AccueilEconomieMalgré la crise des matières premières, la croissance rebondit en Afrique !

Malgré la crise des matières premières, la croissance rebondit en Afrique !

Les économies africaines commencent à développer une résilience aux chocs et entrevoir des perspectives de croissance prometteuses. La tonalité est optimiste, malgré les défis récurrents que doit relever l’Afrique et l’impact négatif de la conjoncture internationale.  Le ralentissement de la Chine devenue depuis dix ans un partenaire clé, affecte les échanges commerciaux et l’investissement. À cela s’ajoute la chute des prix des matières premières  (pétrole, minerais, métaux) dont beaucoup d’économies africaines dépendent.

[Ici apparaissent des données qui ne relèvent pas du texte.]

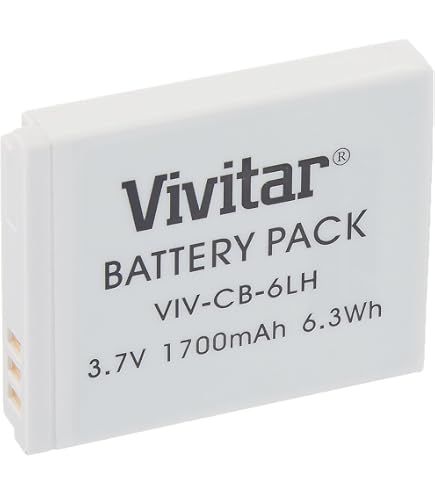 2x Batteria per Vivitar DVR-710 DVR-7300X DVR-830XHD DVR-840XHD 1300mAh 3,7V 4061476944485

Le message du président de la BAD, le Nigérian Akinwumi Adesina, se veut positif, tout en reconnaissant que l’effondrement des cours du pétrole – de 64 % depuis juin 2014 – frappe durement les pays producteurs, en particulier l’Angola et le Nigeria. «Le décollage de l’Afrique est toujours en cours et vigoureux», a affirmé le président de la BAD. Car le continent est aujourd’hui beaucoup plus résilient aux chocs externes. La preuve par les chiffres: dans le passé, une baisse d’une telle ampleur aurait plongé plusieurs États en récession. Cela n’a pas été le cas, même si la croissance africaine a ralenti en 2015, à 3,1 %, après 4,9 % en 2014, et les prévisions tablent sur 4,4 % cette année et plus de 5 % en 2017. La plupart des économies pétrolières et minières ont enregistré en 2015 une hausse de PIB de 3 à 4 %. Un des remèdes pour compenser la baisse a été d’augmenter le volume de production. Une dizaine de pays ont même affiché des taux de croissance supérieurs à 6 %.

Les producteurs de matières premières agricoles, typiquement la Côte d’Ivoire, leader mondial de cacao, font partie des gagnants. Les prix de ces denrées ont nettement moins baissé, ils ont même augmenté dans le cas du cacao, tandis que la facture énergétique a diminué. La Côte d’Ivoire est devenu le troisième pays du monde le plus convoité. Il faut dire qu’après des années de conflit et de crise, l’État d’Afrique de l’Ouest connaît un décollage rapide avec 8,6% de croissance attendue cette année. Il incarne le renouveau africain tiré par l’émergence des classes moyennes. Le pays intéresse d’autant plus qu’il ne souffre pas de la chute des prix de l’énergie qui frappe de plein fouet les grands producteurs de pétrole, comme le Nigeria, l’Angola ou le Gabon.

Cependant il faut tempérer cet enthousiasme en espérant une amélioration des conditions de vie des populations pour que cette croissance profite au plus grand nombre. Le développement consiste à améliorer le côté qualitatif (le niveau de l’éducation et de la formation, la qualité des structures de santé, la qualité des logements, des infrastructures). Ainsi il faut bien distinguer croissance et développement.